Please print nothing but the lines from the one containing "Opel Astra G, 1999" to the final line below, exactly, and no pictures.
Exercise input Start Marker
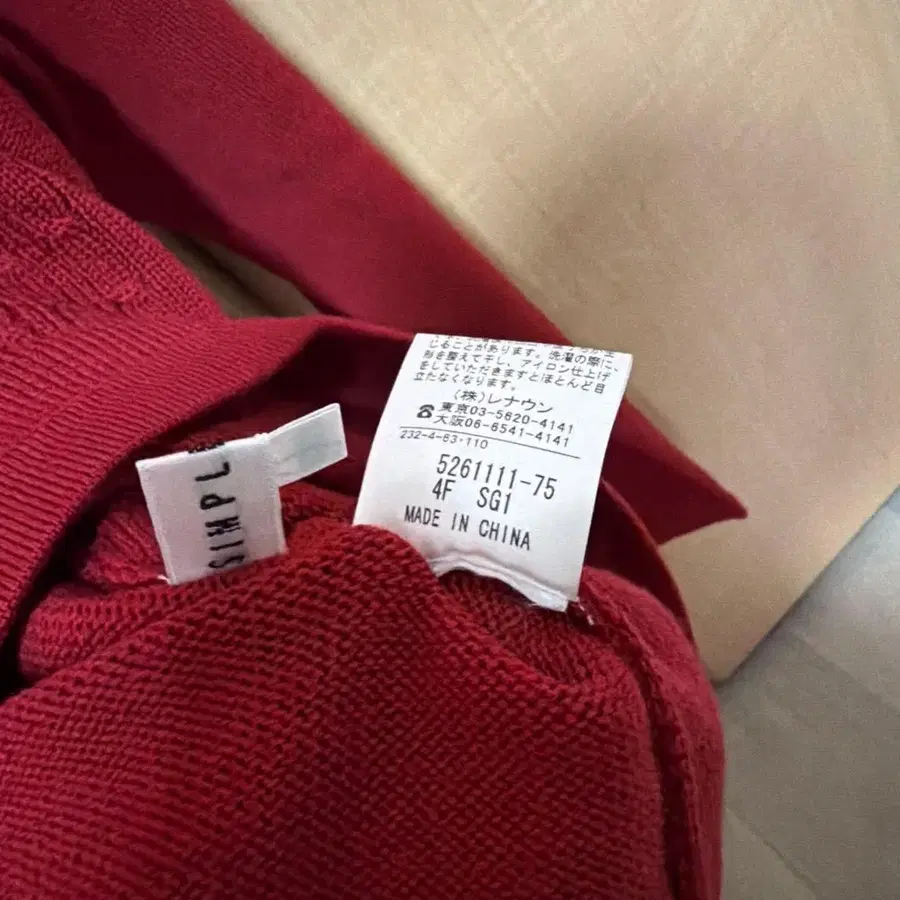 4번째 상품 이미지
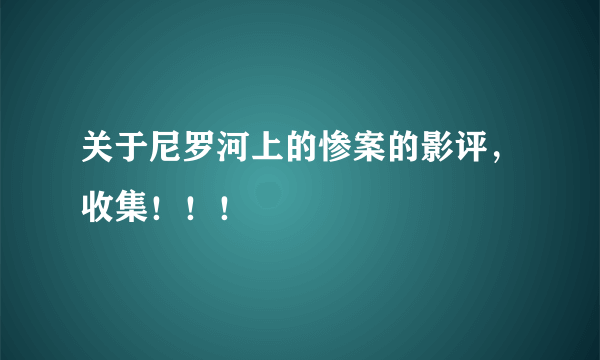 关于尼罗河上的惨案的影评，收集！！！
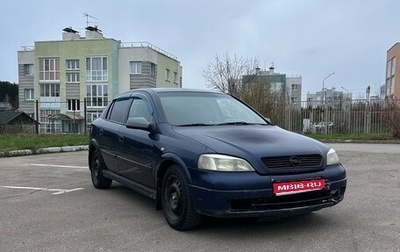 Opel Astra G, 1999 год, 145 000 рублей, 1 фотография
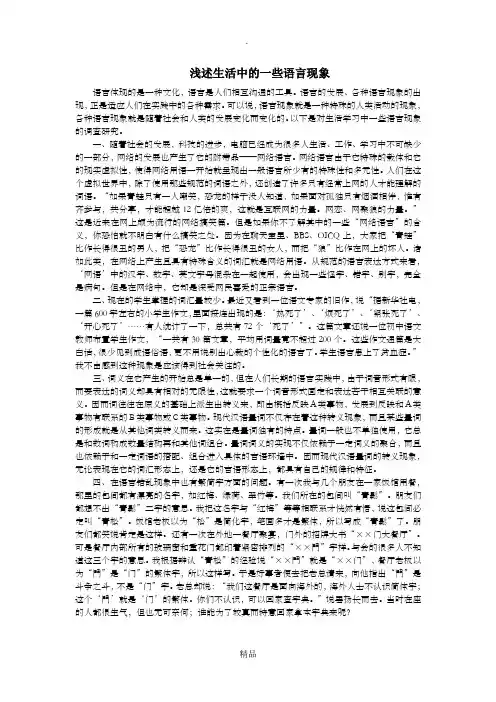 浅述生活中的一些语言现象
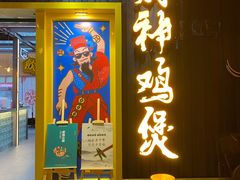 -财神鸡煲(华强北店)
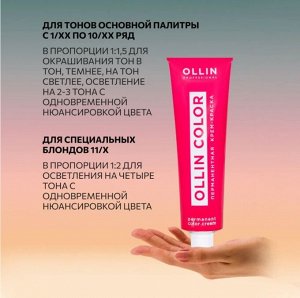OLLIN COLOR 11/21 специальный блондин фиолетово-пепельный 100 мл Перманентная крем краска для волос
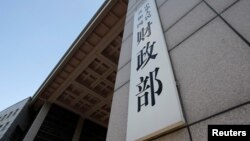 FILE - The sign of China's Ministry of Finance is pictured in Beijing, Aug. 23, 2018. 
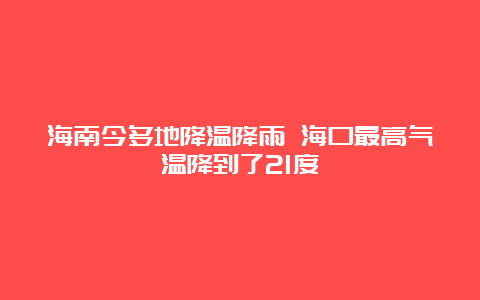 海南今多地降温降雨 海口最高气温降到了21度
Exercise input End Marker
▸ Result of this exercise:
 Opel Astra G, 1999 год, 145 000 рублей, 1 фотография
 浅述生活中的一些语言现象
 -财神鸡煲(华强北店)
OLLIN COLOR 11/21 специальный блондин фиолетово-пепельный 100 мл Перманентная крем краска для волос
 FILE - The sign of China's Ministry of Finance is pictured in Beijing, Aug. 23, 2018. 
 海南今多地降温降雨 海口最高气温降到了21度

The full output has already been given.